Curious to integrate together.ai API to optimize the latency.

microsoft / LLMLingua

To speed up LLMs' inference and enhance LLM's perceive of key information, compress the prompt and KV-Cache, which achieves up to 20x compression with minimal performance loss.

https://llmlingua.com/

MIT License

4.27k stars 228 forks source link

Curious to integrate together.ai API to optimize the latency. #70

Open Pr0fe5s0r opened 6 months ago

Pr0fe5s0r commented 6 months ago

Hey guys, Just got an idea. it will be great if we add the together.ai API inside this project because they use almost every possible open-source model through API calls. What do you guys think of it?

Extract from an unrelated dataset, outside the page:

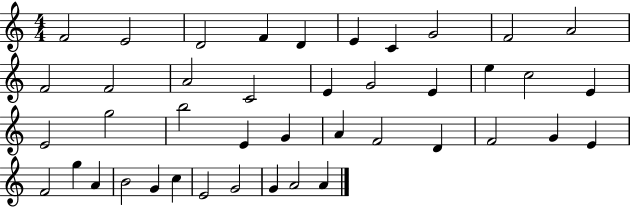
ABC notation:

iofu728 commented 6 months ago

Hi @Pr0fe5s0r,

Thank you for your support of LLMLingua. I briefly reviewed Together.ai and noticed that they provide logprobs (https://docs.together.ai/docs/inference-parameters#logprops-api-only). However, I'm not certain if they can return logprobs for the prompt section. If they do, we could consider providing support for it.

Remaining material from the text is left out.